▸ Description of the task:
What you print must match the data line for line.
#### Supplied records
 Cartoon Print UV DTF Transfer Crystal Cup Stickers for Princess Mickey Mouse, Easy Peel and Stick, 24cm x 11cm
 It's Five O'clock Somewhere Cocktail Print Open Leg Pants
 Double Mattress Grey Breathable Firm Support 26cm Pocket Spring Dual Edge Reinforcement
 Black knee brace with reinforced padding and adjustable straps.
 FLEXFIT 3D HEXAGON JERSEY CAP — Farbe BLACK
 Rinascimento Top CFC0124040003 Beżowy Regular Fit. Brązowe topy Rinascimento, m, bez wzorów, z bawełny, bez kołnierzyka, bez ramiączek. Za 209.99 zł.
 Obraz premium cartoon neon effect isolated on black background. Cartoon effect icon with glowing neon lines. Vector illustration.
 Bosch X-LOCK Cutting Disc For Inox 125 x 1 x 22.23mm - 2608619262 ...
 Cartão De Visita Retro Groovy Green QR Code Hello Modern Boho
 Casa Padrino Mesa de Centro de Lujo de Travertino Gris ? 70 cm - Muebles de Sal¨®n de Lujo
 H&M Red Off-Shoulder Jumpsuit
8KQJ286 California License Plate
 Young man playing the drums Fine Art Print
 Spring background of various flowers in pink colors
########
▸ Expected output:
 Cartoon Print UV DTF Transfer Crystal Cup Stickers for Princess Mickey Mouse, Easy Peel and Stick, 24cm x 11cm
 It's Five O'clock Somewhere Cocktail Print Open Leg Pants
 Double Mattress Grey Breathable Firm Support 26cm Pocket Spring Dual Edge Reinforcement
 Black knee brace with reinforced padding and adjustable straps.
 FLEXFIT 3D HEXAGON JERSEY CAP — Farbe BLACK
 Rinascimento Top CFC0124040003 Beżowy Regular Fit. Brązowe topy Rinascimento, m, bez wzorów, z bawełny, bez kołnierzyka, bez ramiączek. Za 209.99 zł.
 Obraz premium cartoon neon effect isolated on black background. Cartoon effect icon with glowing neon lines. Vector illustration.
 Bosch X-LOCK Cutting Disc For Inox 125 x 1 x 22.23mm - 2608619262 ...
 Cartão De Visita Retro Groovy Green QR Code Hello Modern Boho
 Casa Padrino Mesa de Centro de Lujo de Travertino Gris ? 70 cm - Muebles de Sal¨®n de Lujo
 H&M Red Off-Shoulder Jumpsuit
8KQJ286 California License Plate
 Young man playing the drums Fine Art Print
 Spring background of various flowers in pink colors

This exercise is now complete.